Why Does the U.S. System Resist Adopting Universal Healthcare Despite Its Costs?

What Specific Molina Policies Exemplify These Broader System Problems?

Molina’s narrow networks—where you can only see in-network providers or pay much more—are standard industry practice but particularly limiting on Medicaid plans. If you move or your doctor leaves the network, you might lose continuity of care. I had a primary care physician leave Molina’s network; transferring records and finding a new doctor took three months. Meanwhile, I was paying the same premium and still couldn’t get timely care.

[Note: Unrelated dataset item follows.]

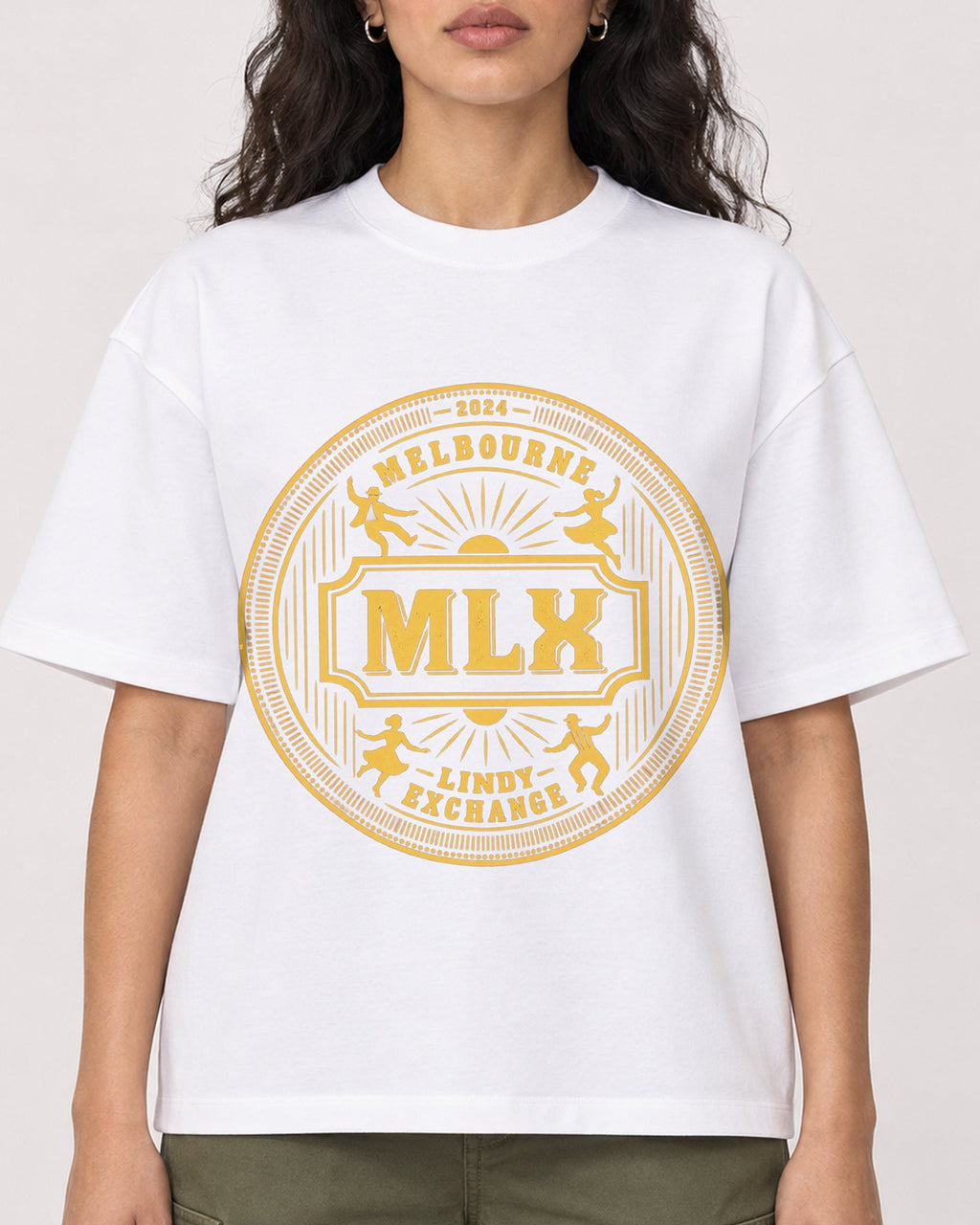 Mockup Boxy Heavyweight Tee White female close-up 07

The billing and collection practices amplify this. Molina processes millions of claims weekly through automated systems that frequently misclassify or deny claims for administrative reasons (wrong code, missing documentation), forcing patients or providers to appeal. A single appeal can take 30-60 days. Portugal’s system has no such administrative friction. Your public health center has your full medical history and ongoing relationship.

Where Does American Healthcare Policy Head as Healthcare Costs Keep Rising?

The trajectory suggests continued fragmentation unless policy shifts. Costs are rising faster than wages, employers are dropping coverage, and the political pressure for change is building. Some states have explored public option plans, where the government would be an insurance option alongside private plans like Molina. Massachusetts and Oregon have considered this; Rhode Island has discussed it.

The public option theory is that competition with a government plan would force insurers to improve service and lower costs. The realistic outlook is that insurance companies will likely consolidate further, consolidating power, while the uninsured and underinsured population grows. Molina and others will lobby to prevent public options and price regulation. Without intervention, the bifurcation between people with good employer coverage and everyone else will deepen. The Portugal comparison becomes a thought experiment rather than an immediate policy lesson—not because their system is flawed, but because American politics makes change expensive and slow.

Conclusion

My frustration with Molina Healthcare was the catalyst for understanding that the insurance-based model isn’t inevitable or even optimal. It’s a choice—one that serves insurance companies, not patients.

Portugal isn’t a perfect system, but it demonstrates that you can organize healthcare to prioritize care over profit, reduce administrative waste, and cover everyone without the denials, surprises, and gatekeeping that define the American experience. The question isn’t whether universal healthcare works; other countries have proven it does. The question is whether American policymakers will address the structural problems that Molina exemplifies—or whether they’ll continue protecting insurance industry profits while costs rise and outcomes stagnate.